Face recognition is one of those unstructured tasks that the human brain excels at, but that is difficult for computers to perform. But as it becomes crucial for many modern activities, it would be a great help for us humans if we could automate this task at least in part. More specifically, face recognition is hard for computers because a face is composed of content, or main features, that have low data dimensionality. These features can be drowned in style or background noise, such as expression, illumination and so on, that have instead high data dimensionality. The challenge is thus to reduce data dimensionality, or get rid of unimportant features without losing substantial ones; this is called feature extraction. A wide variety of algorithms--linear, nonlinear, matricial, or tensorial--already exist to do that; feature extraction can already be performed with any of these algorithms.

This paper presents factor analysis, a new framework to lower data dimensionality by mapping high to low data dimensionality. It involves two steps: in step one, it designs a factor separating function. In step two, it designs a mapping function. Both steps can be run in supervised or unsupervised mode. This framework can be applied to any of the algorithms mentioned above; it can even be thought of as a tool to unify them all.

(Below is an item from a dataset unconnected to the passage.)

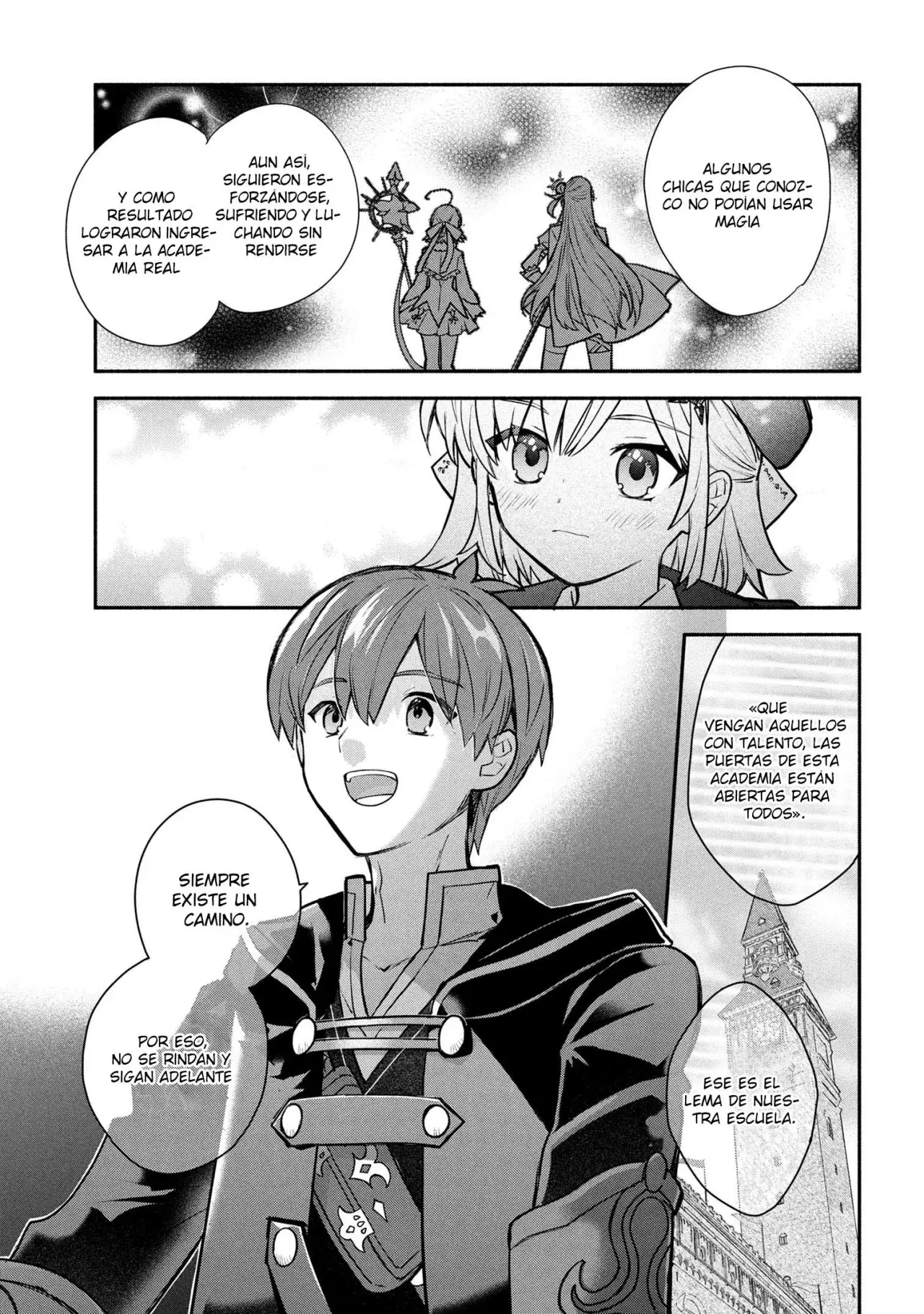 Koujo Denka No Kateikyoushi - Capítulo 40 - Página 7 - LectorTMOo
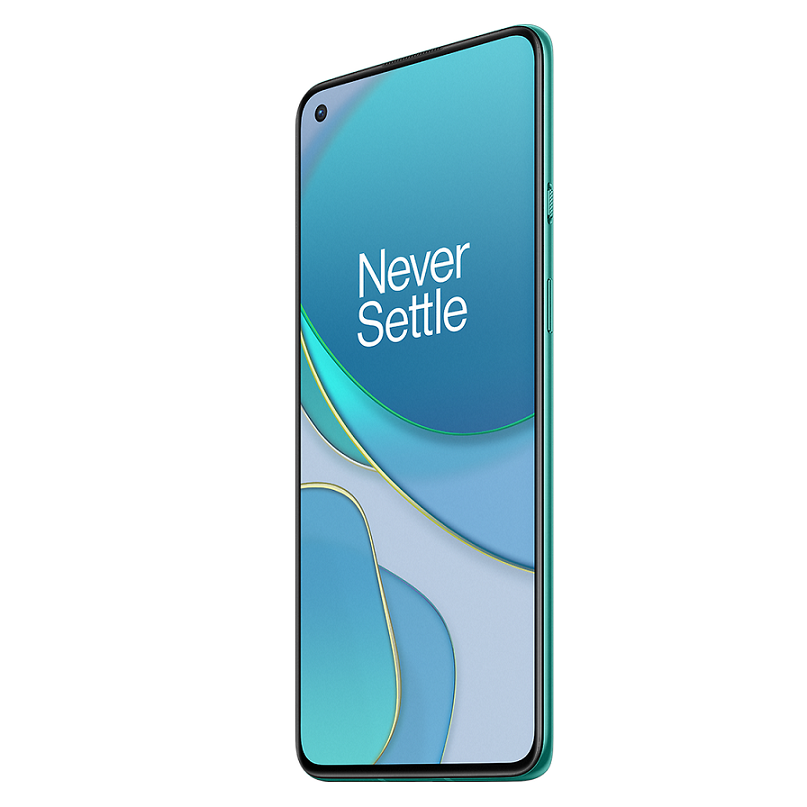 Oneplus 8t aquamarine green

In the paper, the authors apply factor analysis to face identification, facial pose classification, and facial age grouping; these applications differ only in definition of content and style factors. In face identification, content includes frontal and normalized face views, and style includes pose, illumination, and expression. In facial pose identification, content includes facial poses, and styles are identity, illumination, and expression. In facial age grouping, content includes facial ages, and styles are identity, facial pose, illumination, and expression. To test their framework, the authors fed different facial sets to a number of the algorithms mentioned above and then they ran the algorithms with different weights for each factor. They found that recognition precision was greatly improved by the appropriate design of weight and partition in the factor analysis framework.

At the beginning of the paper, the authors state that they want to show relationships among existing algorithms and facilitate the design of new ones. The paper fully succeeds in doing so because it shows that by varying parameters, a relatively easy task, the same algorithms can be used for a variety of tasks.

Reviewer:  Andrea Paramithiotti Review #: CR145354 (1708-0565)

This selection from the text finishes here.